# He's Not Ambitious



## maccheese (Jul 25, 2011)

So its starting to bother me a bit, that my husband so called no ambition, so he says. Yeah, he went to an expensive culinary school, but now has a job that pays well under $30 k a year. He often says he loves his job and he knew when getting into this industry that he wouldn't have the biggest house and the most money. Ok, I get that, but can we find a way to at least save some money. You want to start a business that is going to take thousands in capital. Can you pick up some extra hours somewhere to help fund that. If I hadn't gone back to school to get into a career that made a decent amount of money, we'd be barely making it. I understand you're supposedly not ambitious, but when you want to travel, start a business, not be bored and stuck in the house on a regular basis, you find a way to find a way to make a little extra money somewhere so that you can do those that you really want to do. I don't think you should depend solely on me because I make more money (which is no that much more) to carry you. I get out and do a little extra when i want extra, I would want my husband to do the same.


----------



## jld (Dec 1, 2013)

Have you sat down with him and had a clear talk about finances? Really laid it out, with figures? Some people need this kind of reality check.


----------



## John Lee (Mar 16, 2013)

He wants to start his own restaurant? That sounds ambitious to me.


----------



## jld (Dec 1, 2013)

John Lee said:


> He wants to start his own restaurant? That sounds ambitious to me.

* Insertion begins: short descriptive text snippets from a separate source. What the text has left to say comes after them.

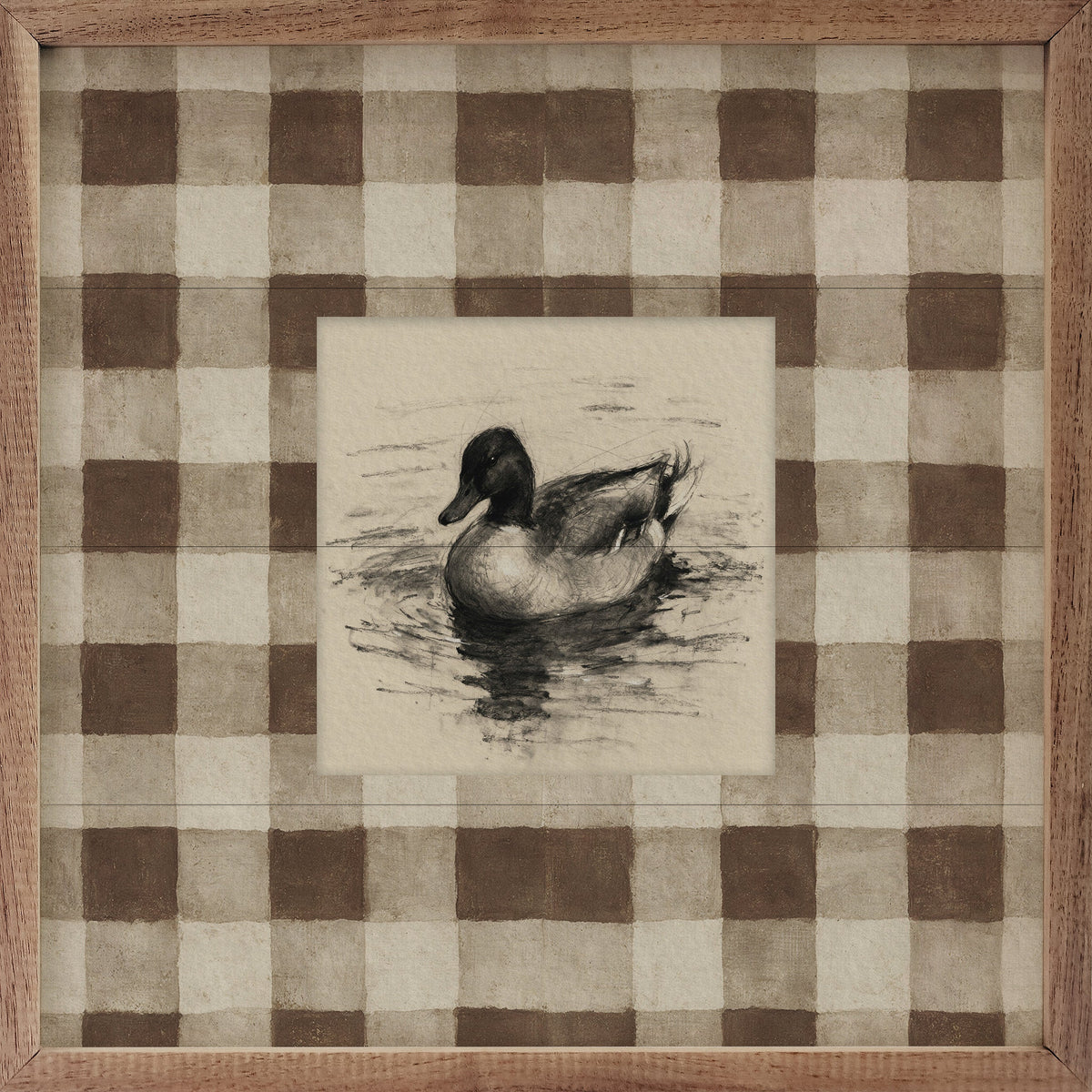 Vintage Mallard Duck Check Print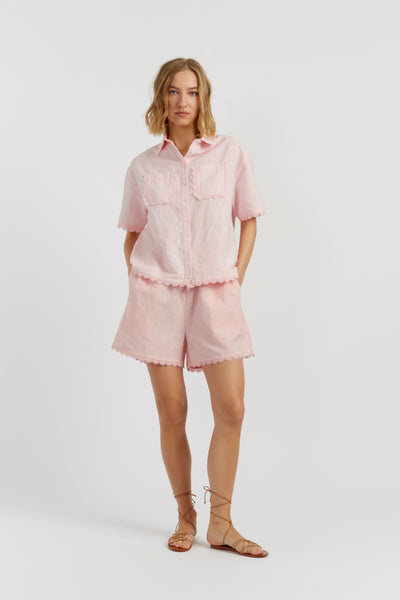 Light-Pink Linen-Blend Scallop Edge Shorts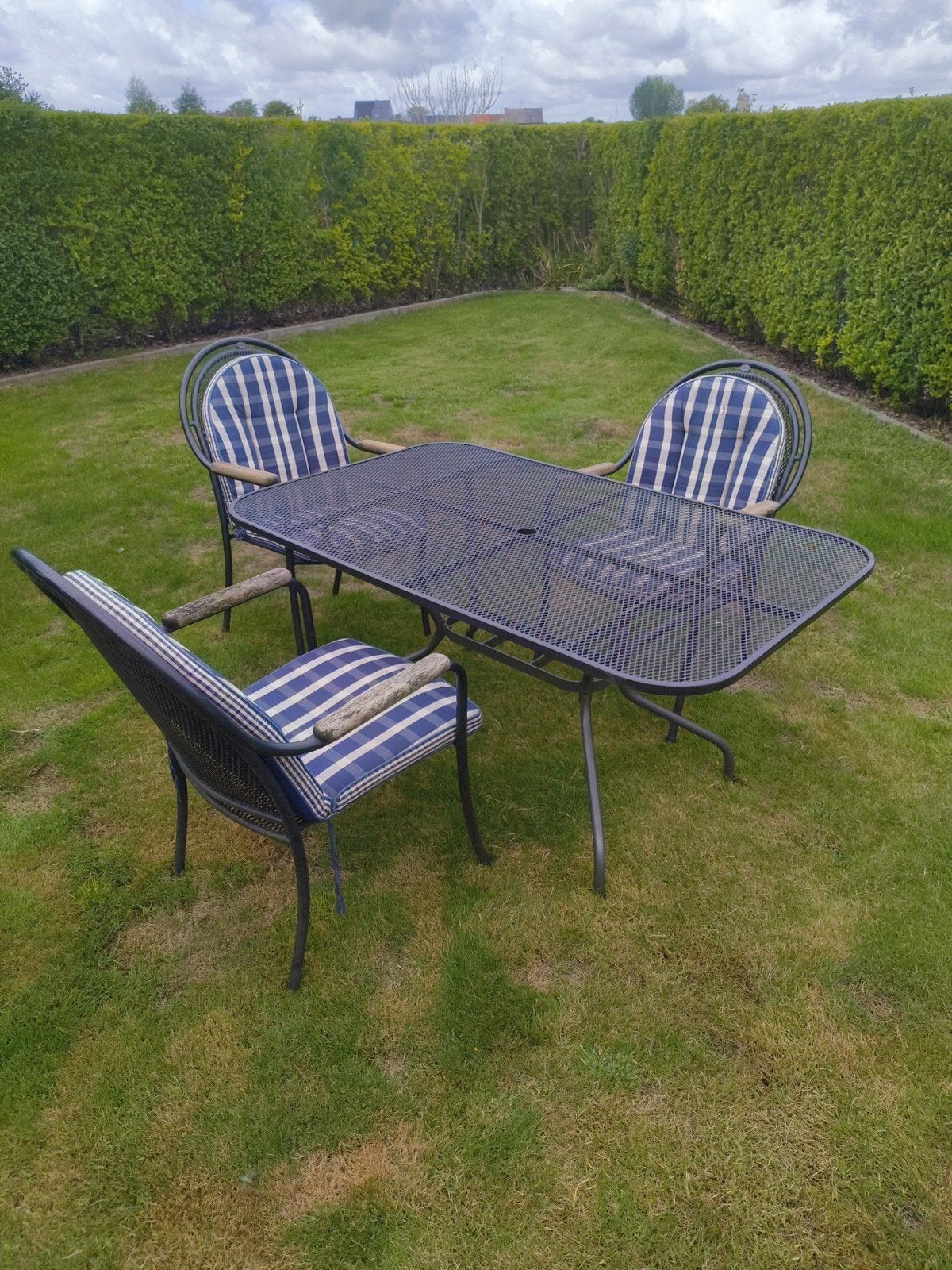 Set de jardin, table et 4 chaises, Jardin & Terrasse, Ensembles de jardin, Chaise, Enlèvement ou Envoi, Salons de jardin, Aluminium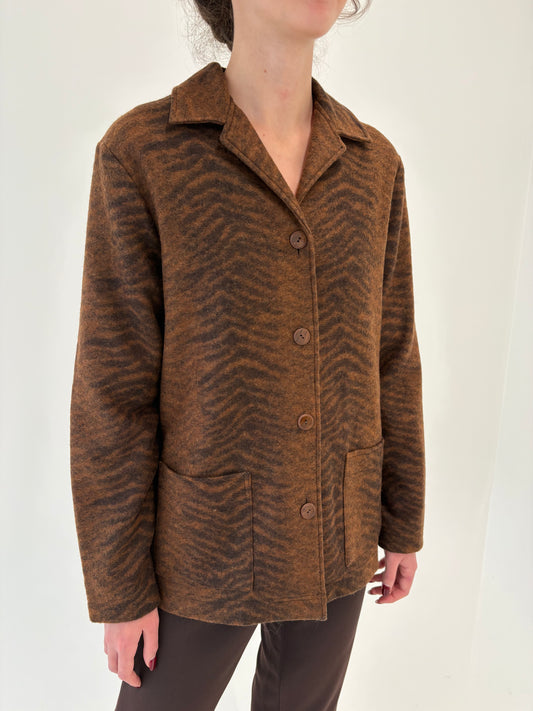 Sacou animal print stilizat din lana plină extrafina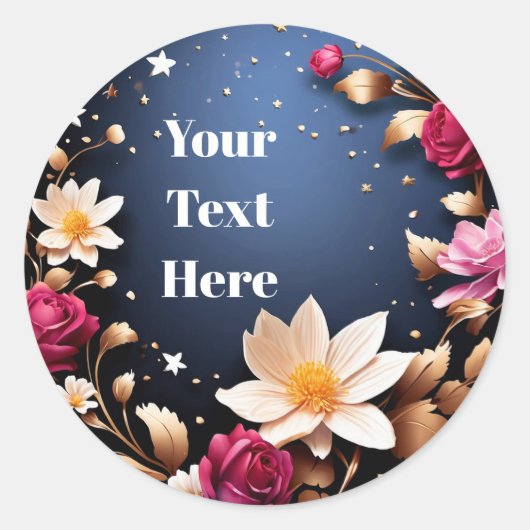 Party/Hochzeiten mit individuell anpassbaren Blume Runder Aufkleber (Vorderseite)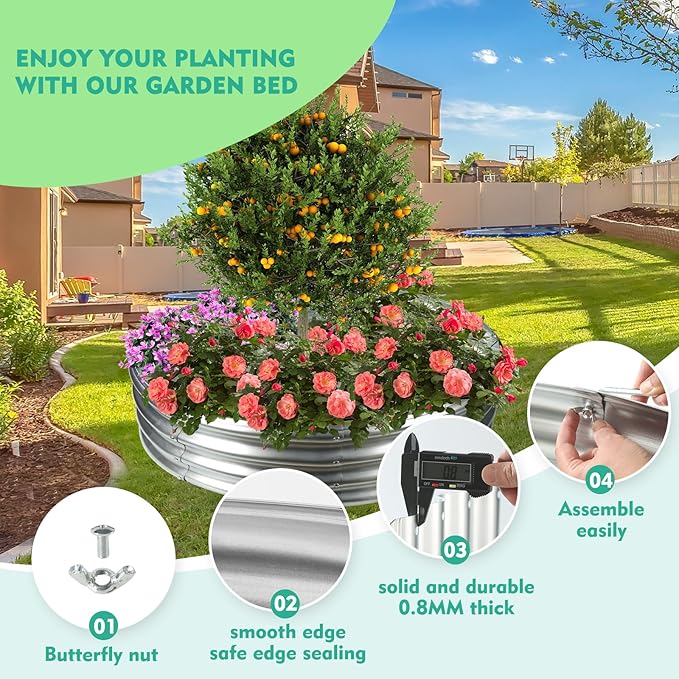 5FT Diameter Galvanized Garden Raised Bed/Plant Box/Fire Pit Ring-0.8mm Thick12 Inch TallCrimped Edge and CornerNo SharpePerfect for Plantings (Silver 60 Dia X 11.5 inches)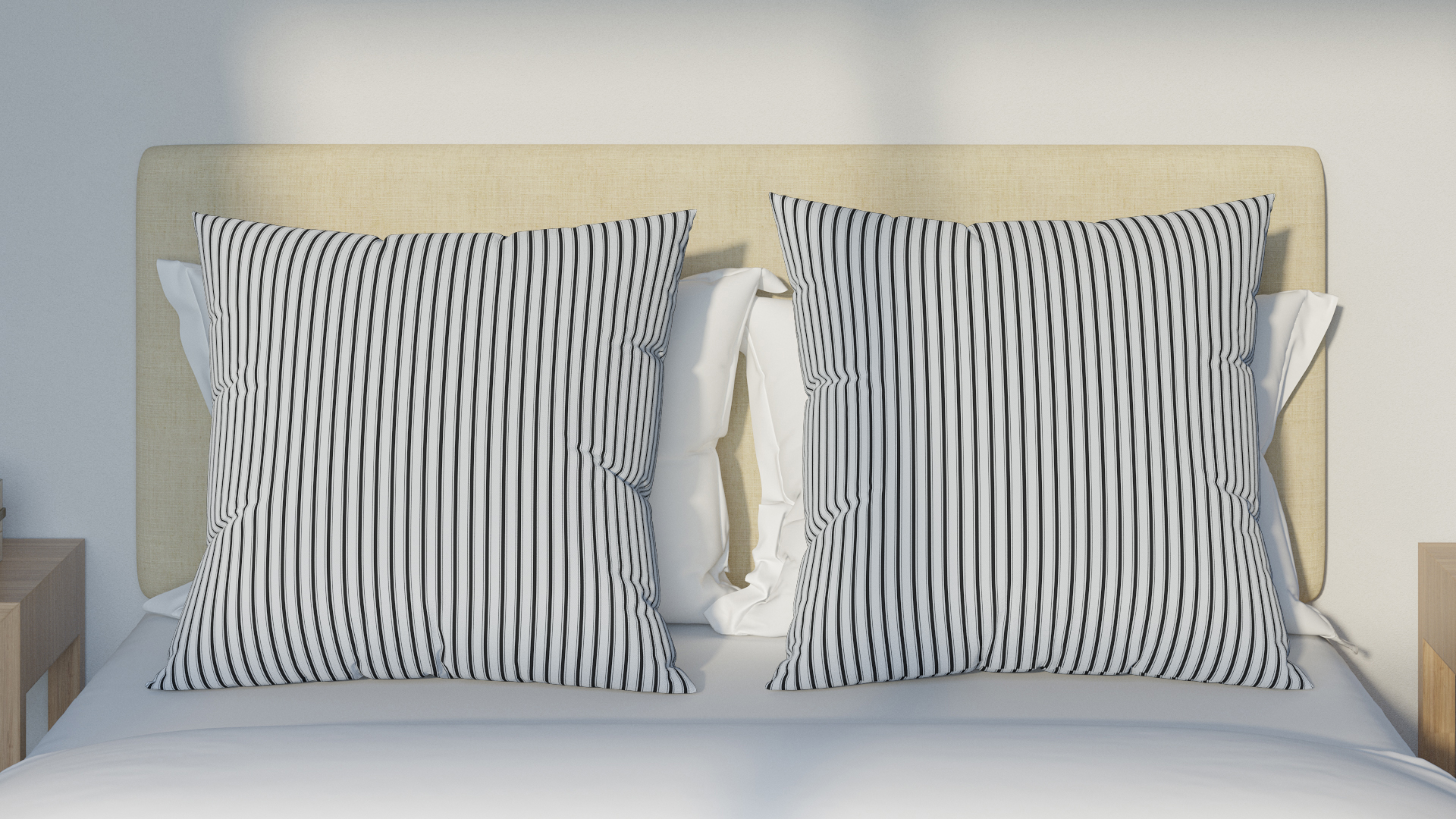 Black ticking outlet stripe pillow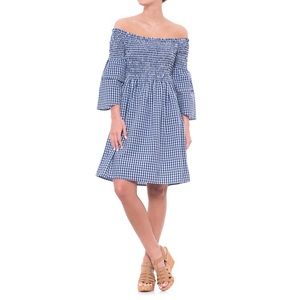 Given Kale Gingham Smocked Off The Shoulder Dress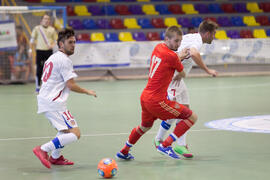 Partido Rusia contra República Checa. 14º Campeonato del Mundo Universitario de Fútbol Sala 2014 (FUTSAL). Antequera. Julio de 2014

But where is the realistic plan to get there?


----------



## maccheese (Jul 25, 2011)

This is my exact same sentiment. If he could just go make and extra 50 or 100 somewhere, but there seems to be a dependence on me to finance this. I have obligations of my own as well as the household



jld said:


> But where is the realistic plan to get there?


----------



## Wiltshireman (Jan 23, 2013)

Unless or until you are a famous TV Chef or have a couple of Michelin Stars catering will continue to be “low pay”. What with the split shifts and un social working hours it is very easy to work your fingers to the bone but still only earn an average wage.

If your husband wants to one day own his own business the as well as starting to build some capital he also needs to put some effort into a business plan. Research the local market, check out the rental / purchase costs for premises / equipment. It took my brother in law 6 years between finishing catering school and starting his own café and that only “broke even” the first year.


----------



## turnera (Jan 22, 2010)

Do you have your OWN savings account that he can't access? I sure hope so!


----------



## married tech (Jan 18, 2014)

> But where is the realistic plan to get there?


It's in the same place my wifes dream of having her own restaurant to run with her sister and family is. 

It got stuck at "Honey you pay for it build it up run it and I will work there as I please". 

I have absolutely no interest in owning and managing a restaurant nor do I have the financial resources to start and run one let alone do all the heavy work to keep it going so that someone else can live one of her "if we were rich" dreams. 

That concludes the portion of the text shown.